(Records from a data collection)

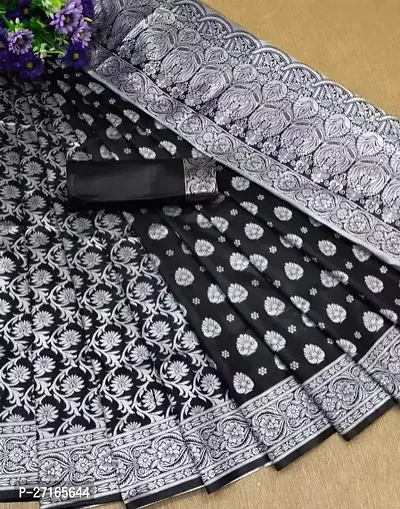 Stylish Art Silk Black Saree with Blouse piece For Women-thumb0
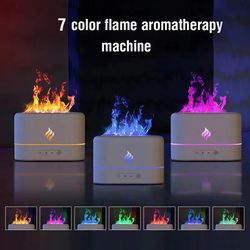 7 colors flame simulation ultrasonic humidifier with aromatherapyand lighting - usb powered essential oil diffuser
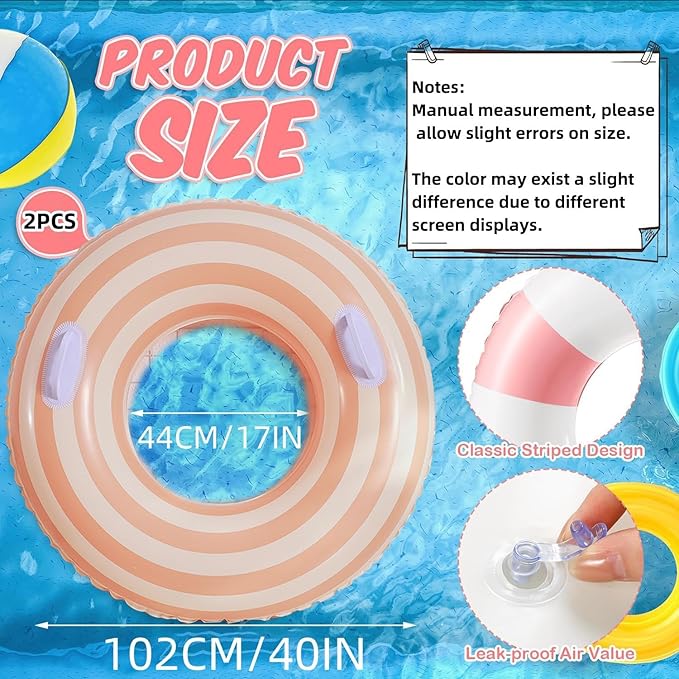 2 PCS Striped Pool Floats for Adults Swimming Rings Tube with Handles -Inflatable Pool Float Tube for Adults Pool Floats for The Beach, Party, Vacation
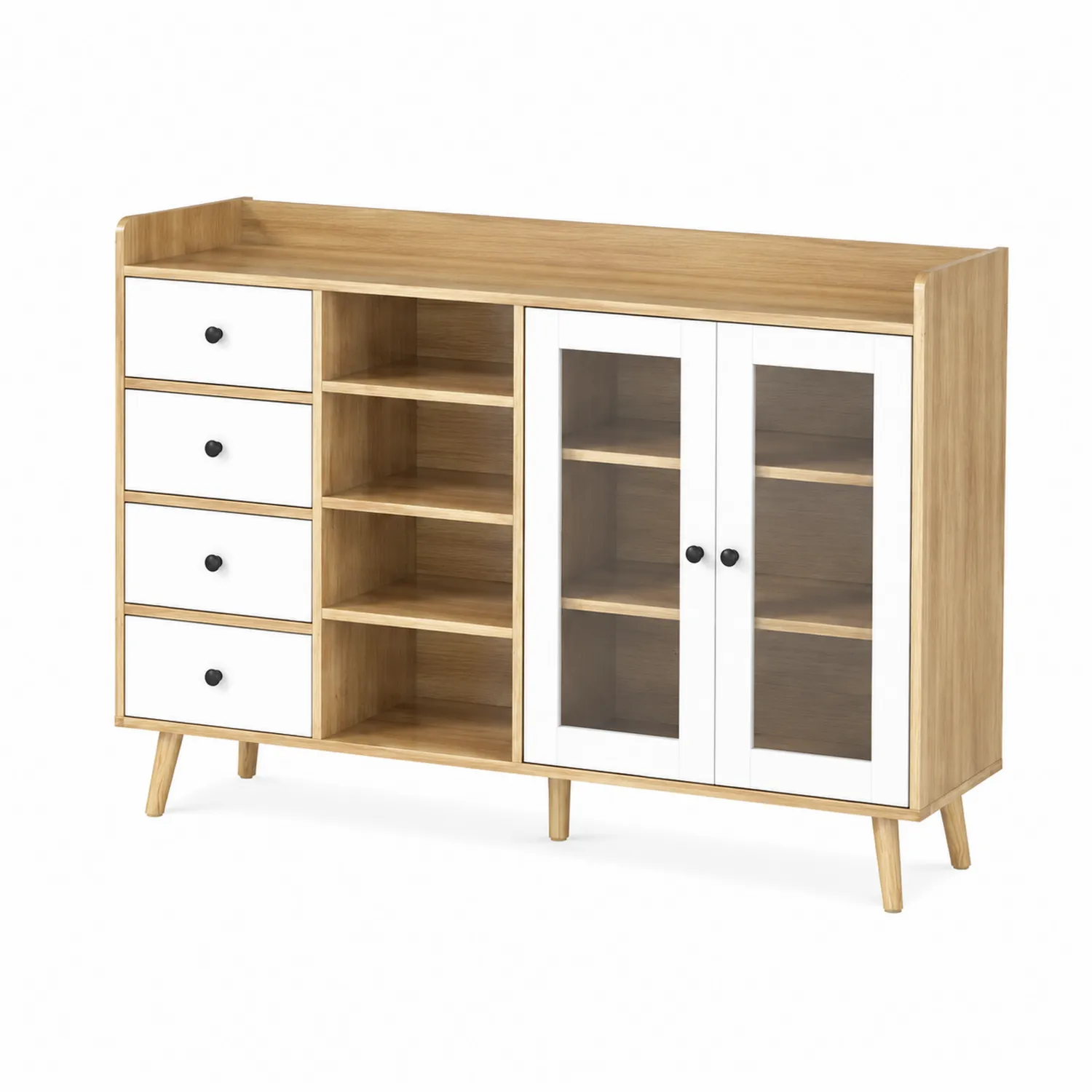 Kiefernholz Buffetschrank mit Schubladen und Glastüren Eiche Weiß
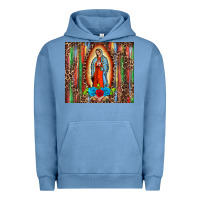 Pigment Pebble Blue our lady of Guadalupe serape Urban Hoodie - BarkalooDesign
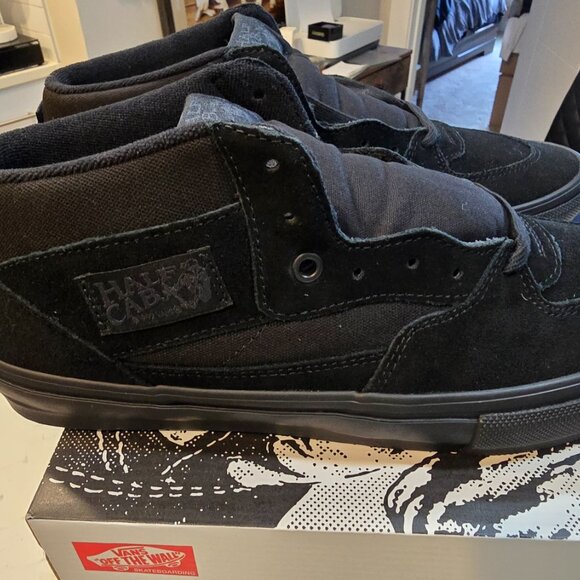 VANS Skate Half Cab Shoes Sneakers Skateboarding VN0A5FCDBKA Black/Black mens 12 - Picture 5 of 10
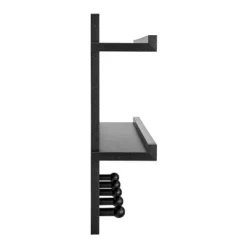 29" X 16" 2 Tier Ledge Wall Shelf Organizer With Five Hanging Hooks Black - Danya B. -Decor Vista GUEST d98246e7 dfc0 47e5 931f 5e4c4175228f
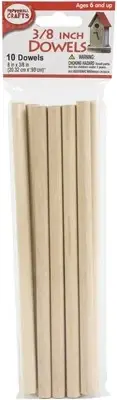 Pepperell Crafts Dowels 10/Pkg-0.375"X8" WP19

**DESCRIPTION OF THE TASK:**
Please transcribe exactly the lines from the one containing "47e5 931f 5e4c4175228f" through the last line of the records above, both included, and leave out every picture.

**ANSWER BELOW:**
 29" X 16" 2 Tier Ledge Wall Shelf Organizer With Five Hanging Hooks Black - Danya B. -Decor Vista GUEST d98246e7 dfc0 47e5 931f 5e4c4175228f
 Pepperell Crafts Dowels 10/Pkg-0.375"X8" WP19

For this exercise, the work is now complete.